Setelah diadakannya penelitian dan langsung bermunajat diatas Makom Puyang Depati Kampung Empat , lalu mendapat wansit bahwa Nama Sekayu adalah dari Namanya salah satu Putri Puyang Kilat Kemarau (Tahaji¬bin Sajidin ) yaitu Sak Ayu, Putri Ketiga silsilah keturunannya.

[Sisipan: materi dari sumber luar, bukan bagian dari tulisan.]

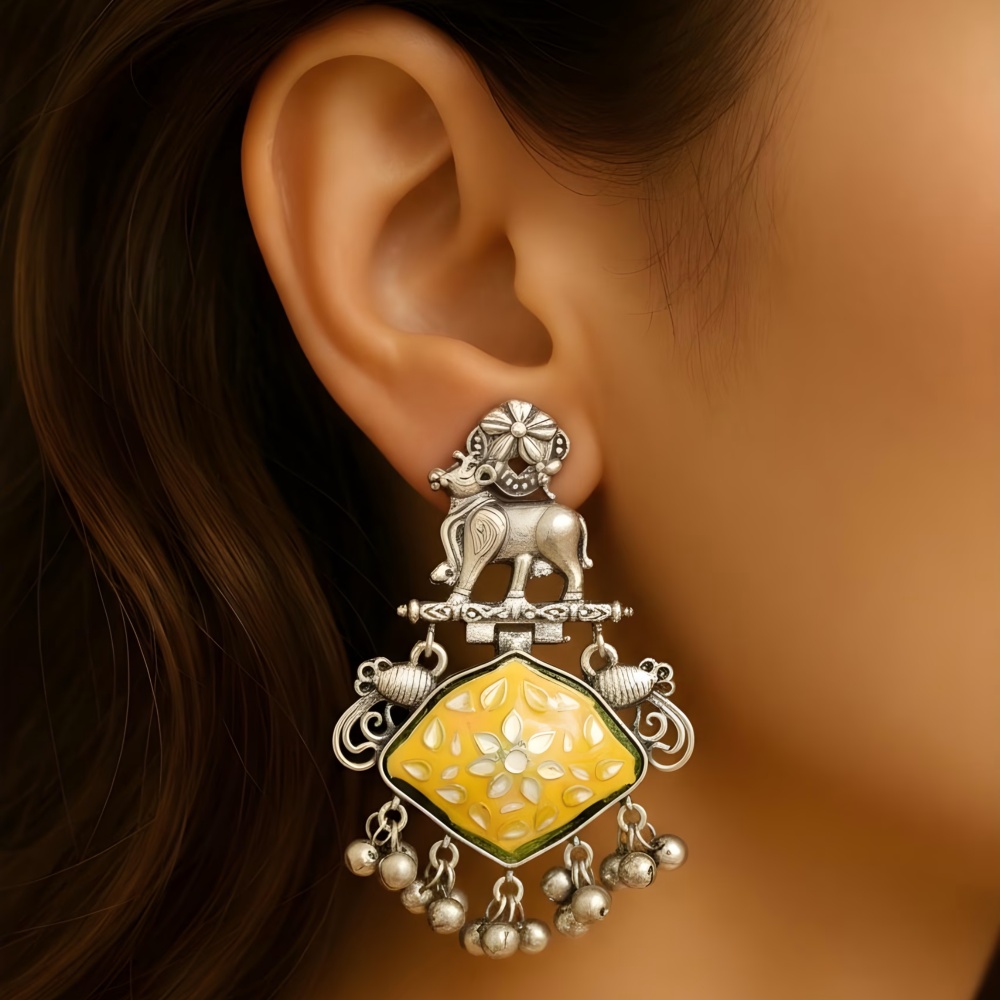 Oxidised Nandi Motif Earrings with Enamel Work & Ghungroo Drops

Memang Putri ketiga cantiknya melebihi saudaranyat waktu kecil sering gemar mengikuti orang tuanya berladang di seberang Dusun Soak yaitu Sekayu sekarang, selain itu Sak Ayu mempunyai Kundu atau Tua Padi, mungkin saja sesuai zamannya bahwa Dia keturunan Orang sakti lagi terpandang dan dikasih Jabatan Hulu Balang zaman Depati Sahmad Bin Sakaji.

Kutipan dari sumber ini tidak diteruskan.